### TASK TO COMPLETE:
Beginning with the line where "دیدار تیم های" appears, retype every remaining line of the data below, both the first and last included.

Caption-style text data
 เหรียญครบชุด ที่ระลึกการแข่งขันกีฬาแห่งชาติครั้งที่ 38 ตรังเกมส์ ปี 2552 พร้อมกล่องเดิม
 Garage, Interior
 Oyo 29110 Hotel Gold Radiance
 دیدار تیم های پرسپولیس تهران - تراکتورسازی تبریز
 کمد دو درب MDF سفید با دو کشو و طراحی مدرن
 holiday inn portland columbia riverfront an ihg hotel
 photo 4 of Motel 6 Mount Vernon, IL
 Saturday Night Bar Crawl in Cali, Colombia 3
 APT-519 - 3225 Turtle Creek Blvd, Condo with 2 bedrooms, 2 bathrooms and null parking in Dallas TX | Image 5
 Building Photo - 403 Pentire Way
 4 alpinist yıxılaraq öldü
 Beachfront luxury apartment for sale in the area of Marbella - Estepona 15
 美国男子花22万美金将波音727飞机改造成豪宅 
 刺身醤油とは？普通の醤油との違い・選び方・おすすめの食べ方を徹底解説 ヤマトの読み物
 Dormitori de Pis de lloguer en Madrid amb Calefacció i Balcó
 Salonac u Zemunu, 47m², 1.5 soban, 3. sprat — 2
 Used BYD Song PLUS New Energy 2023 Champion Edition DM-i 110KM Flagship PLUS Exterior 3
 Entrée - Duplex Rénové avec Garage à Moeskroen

### RESPONSE TO THIS EXERCISE:
 دیدار تیم های پرسپولیس تهران - تراکتورسازی تبریز
 کمد دو درب MDF سفید با دو کشو و طراحی مدرن
 holiday inn portland columbia riverfront an ihg hotel
 photo 4 of Motel 6 Mount Vernon, IL
 Saturday Night Bar Crawl in Cali, Colombia 3
 APT-519 - 3225 Turtle Creek Blvd, Condo with 2 bedrooms, 2 bathrooms and null parking in Dallas TX | Image 5
 Building Photo - 403 Pentire Way
 4 alpinist yıxılaraq öldü
 Beachfront luxury apartment for sale in the area of Marbella - Estepona 15
 美国男子花22万美金将波音727飞机改造成豪宅 
 刺身醤油とは？普通の醤油との違い・選び方・おすすめの食べ方を徹底解説 ヤマトの読み物
 Dormitori de Pis de lloguer en Madrid amb Calefacció i Balcó
 Salonac u Zemunu, 47m², 1.5 soban, 3. sprat — 2
 Used BYD Song PLUS New Energy 2023 Champion Edition DM-i 110KM Flagship PLUS Exterior 3
 Entrée - Duplex Rénové avec Garage à Moeskroen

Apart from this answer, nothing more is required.